Unfortunately, there is a cloud on our horizon: Congressman Scott Tipton. He has mounted a YouTube video titled “Gail Schwartz’s War on Coal devastated Delta.” It’s about three minutes long, and ends with a distant photo of three seemingly abandoned concrete silos. Visual proof that mine closings have “devastated” Delta County.
But those silos aren’t about coal. They once held sugar beets. Now they hold grain to feed Delta County’s many chickens. Sugar beets went its way; Delta County adapted.
There’s a shot of the old Armory near the Delta Post Office — shut long ago, when the local coal industry was booming. Another photo is of the old City Market building in Delta. City Market moved to a larger store years ago. Progress, not “devastation.”

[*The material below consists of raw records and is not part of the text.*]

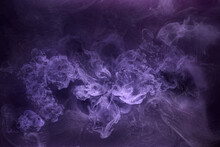 Purple Smoke On Black Ink Background, Colorful Fog, Abstract Swirling Purple Ocean Sea, Acrylic Paint Pigment Underwater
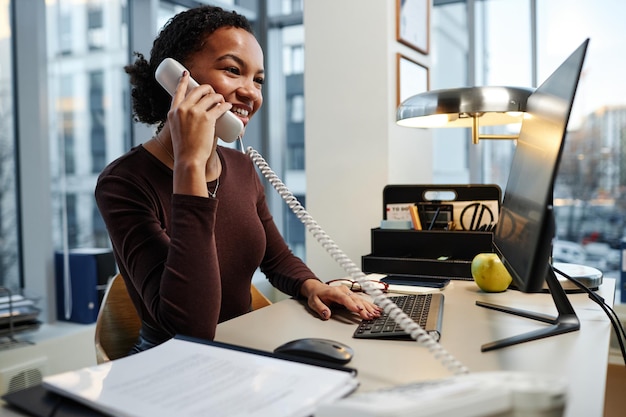 Young businesswoman answering phone calls at desk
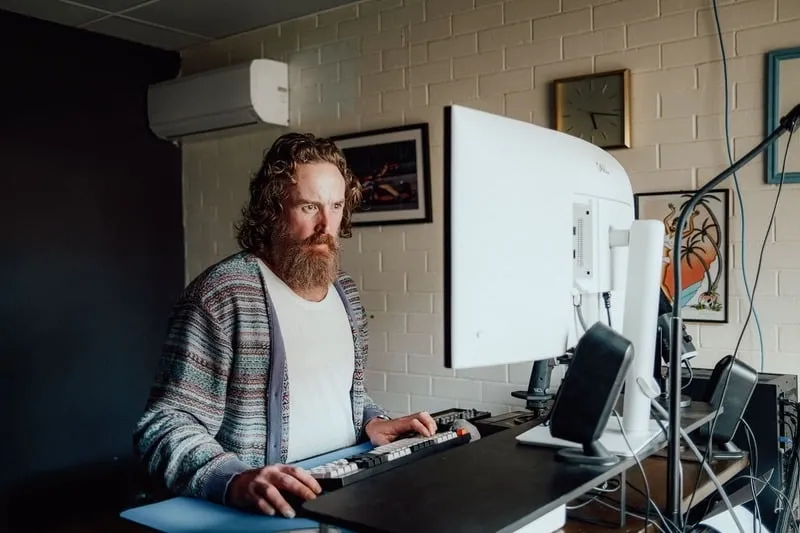 Bearded man wearing a striped cardigan working at a desk with a large monitor and keyboard.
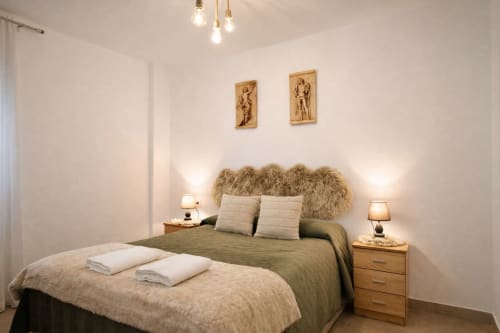Recámara moderna en Mérida con ropa de cama verde, cabecera tapizada, lámparas colgantes y mesas de noche de madera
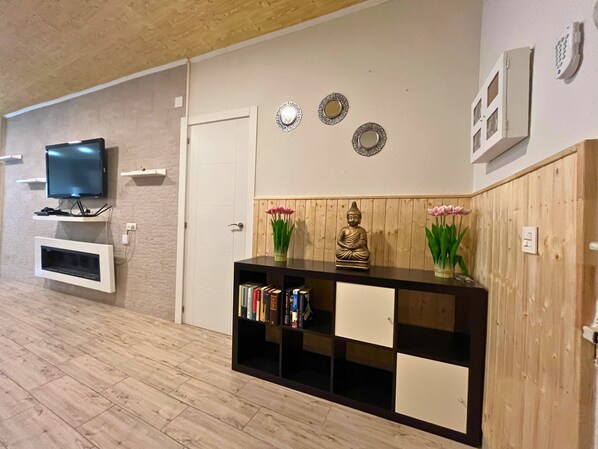 Una sala moderna con un televisor de pantalla plana montado en la pared, una mesa consola de madera con libros y objetos decorativos, y una puerta con marco blanco.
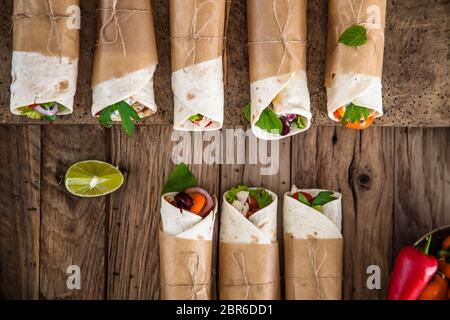 Tortilla wraps with vegetables. Mexican tortillas. Tacos with nachos and vegetables Stock Photo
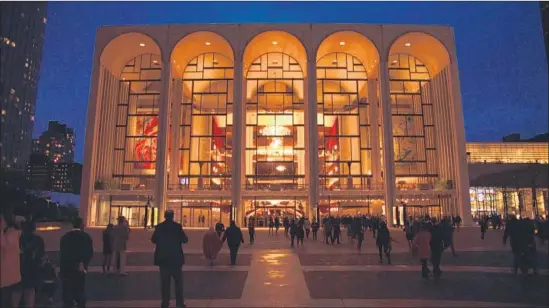  ?? Metropolit­an Opera ?? THE MET’S opera house is brilliantl­y lighted for a performanc­e in 2017. The house opened in New York’s Lincoln Center in 1966 and has been drawing fans ever since.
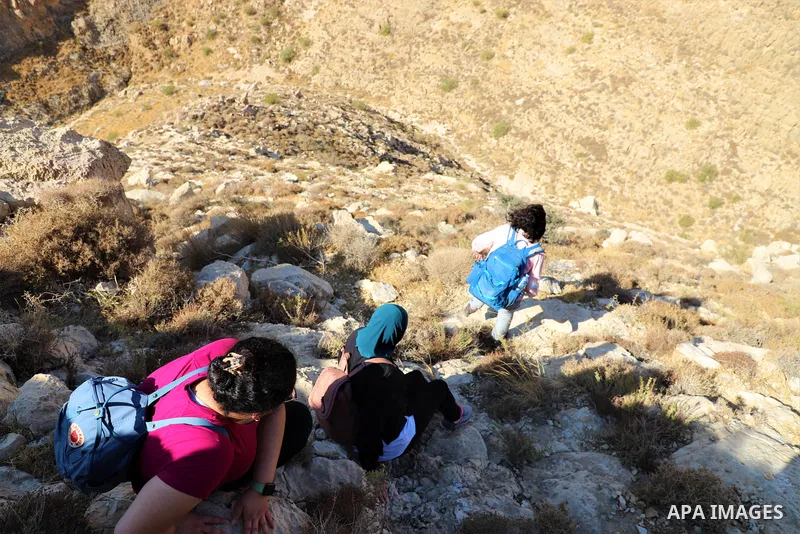 Palestinian adventurers walk amid dangerous cliffs during their journey to explore Valley and Cave of Saint Khreitoun near the West Bank city of Bethlehem, on October 25, 2021. To the southeast of Bethlehem, between the...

While funeral music plays, Tipton’s video says: “Housing values in the area are falling.” Not true. In the Paonia and Hotchkiss area, where the coal mines are concentrated, rentals can’t be had and houses sell at good prices. People want to live here. After several years of falling enrollment, the school population grew this fall. Families with children are moving here.
Yes, Delta County and its North Fork Valley have taken body blows: 800 lost jobs in a 33,000 population county. Still, even though our own congressman is kicking us, we are doing pretty well. We are adapting to change.
But Delta County’s ongoing recovery doesn’t fit Tipton’s need to attack Gail Schwartz. In order to get her, he personally slandered (“I approve this message”) an entire rural county.